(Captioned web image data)
□ □ □
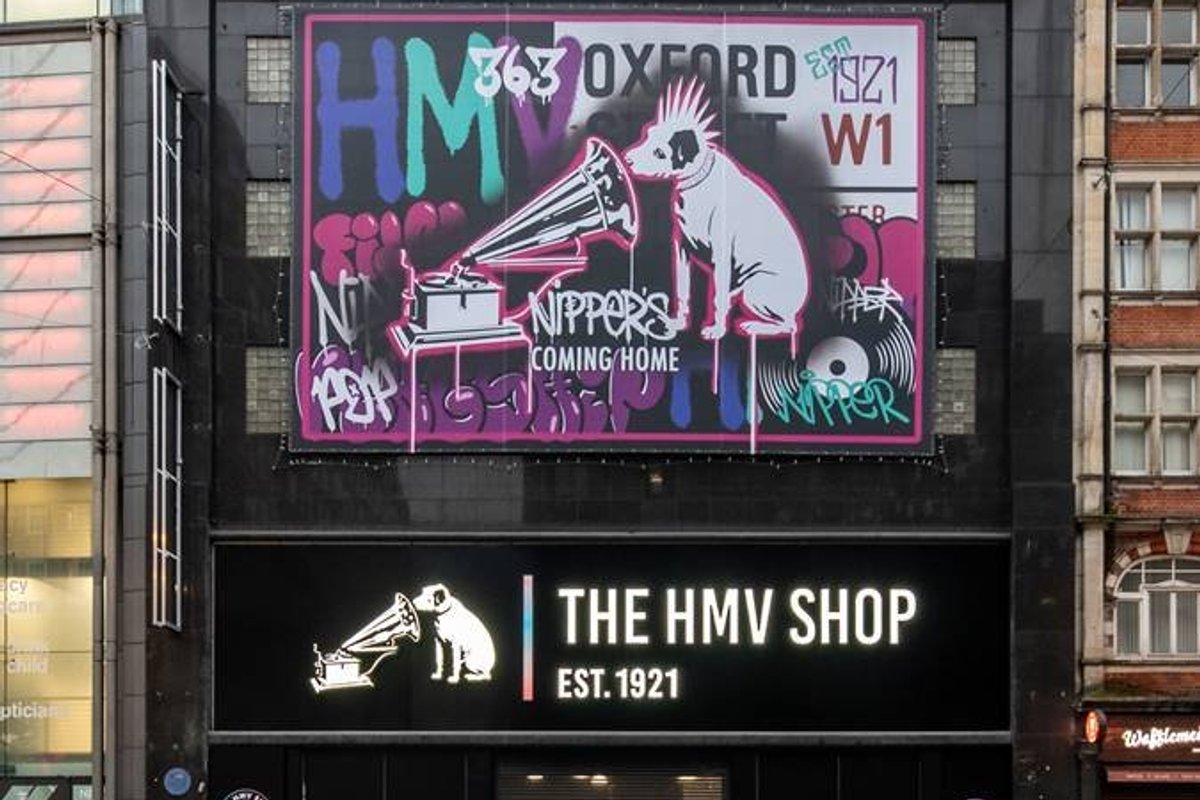 HMV is planning to shake up retail with Oxford Street comeback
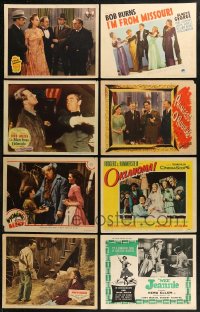 7s0498 LOT OF 16 LOBBY CARDS 1930s-1970s great scenes from a variety of different movies!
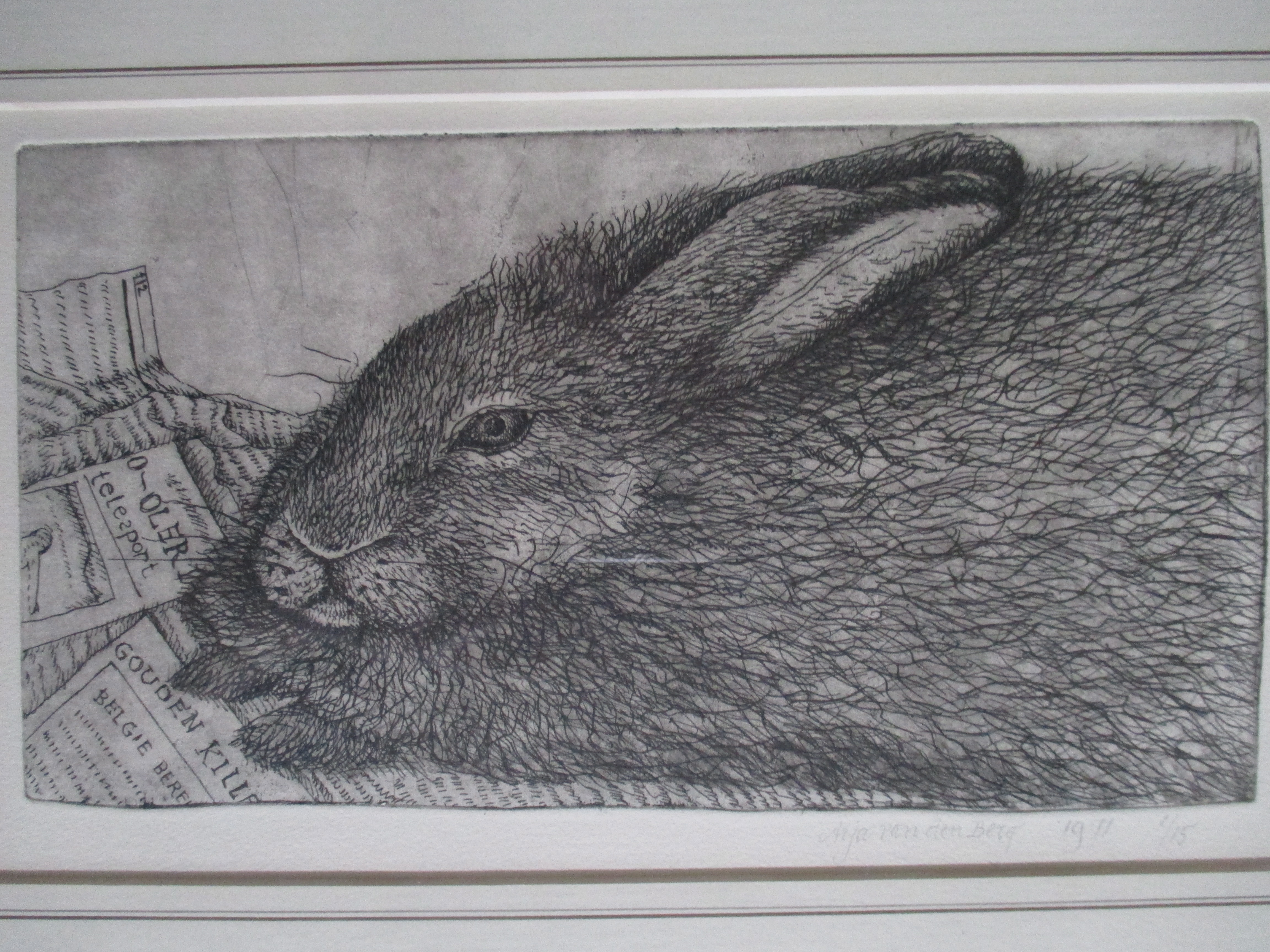 Arja van den Berg - Ingelijste ets kleine oplage kopen? Bied vanaf 40!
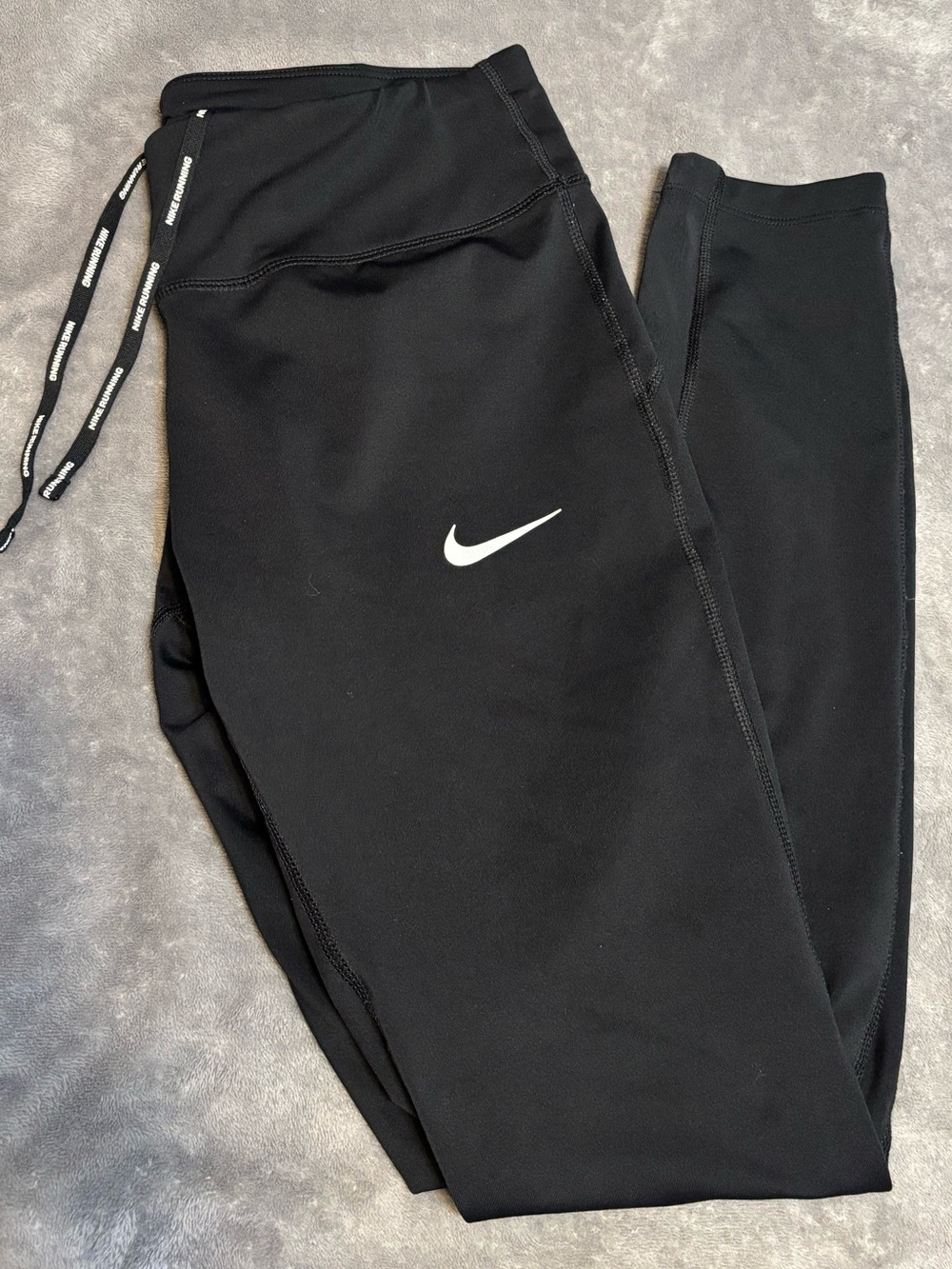 Nike Black Jogger Sweatpants with White Swoosh
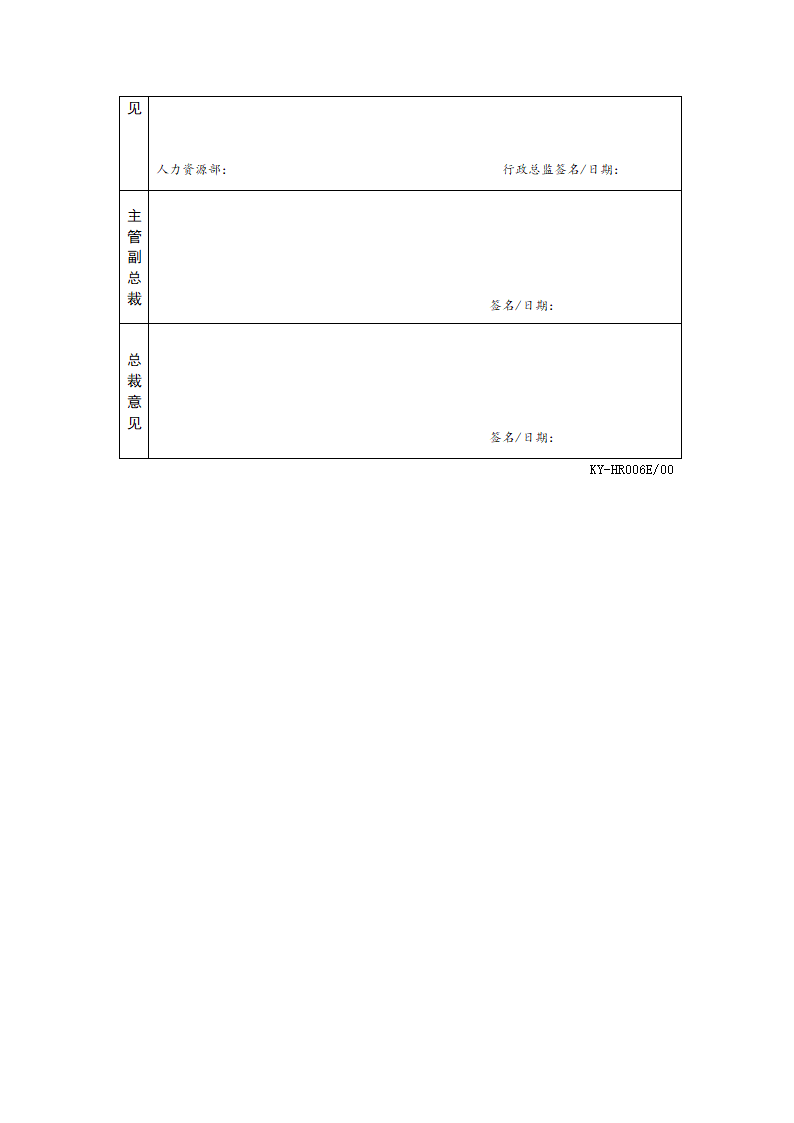 【转正审批】员工试用期评价与转正审批表第3页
□ □ □
§ Assigned task:
Your task is to print exactly the lines from the one containing "Nike Black Jogger" through the final line of the records above, with no pictures and nothing more.

§ Answer for this exercise:
 Nike Black Jogger Sweatpants with White Swoosh
 【转正审批】员工试用期评价与转正审批表第3页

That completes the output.